Accusé de mauvaise gestion lors de la crise, le président de la compagnie Egyptair, Aymane Nasr, a été limogé et remplacé par Rochdi Zakariya. Une mesure qui a contribué à apaiser la colère des grévistes. Les négociations ont débouché sur une suspension de la grève, le transport aérien a repris avec le décollage de 35 des 55 vols annulés. Une salle d’opérations a été mise en place pour organiser les vols retardés et informer les passagers de la date de leurs voyages. Globalement, l’interruption n’aura été que de courte durée, malgré un impact financier important.

Plusieurs mouvements de grève ont eu lieu en Egypte depuis la chute de Moubarak le 11 février 2011. En octobre 2011, des dizaines de vols avaient été retardés à l’aéroport du Caire en raison d’une grève des contrôleurs aériens qui réclamaient une augmentation salariale.

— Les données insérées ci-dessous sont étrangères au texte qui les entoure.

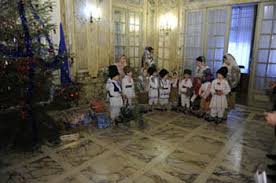 Se bucur copiii, copiii si fetele, de dragul mariei isi piaptana pletele… Colinde Colinde De Mihai Eminescu AnideÈ™coalÄƒ Ro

Les conflits sociaux dans des secteurs comme l’industrie ou les transports ont pesé sur une économie déjà très affectée par la chute du tourisme et la baisse des investissements étrangers. La purge des anciens responsables et la mise en œuvre de plans de réforme sérieux dans le secteur du tourisme et de l’aviation semblent être les seules solutions durables à une amélioration de la situation.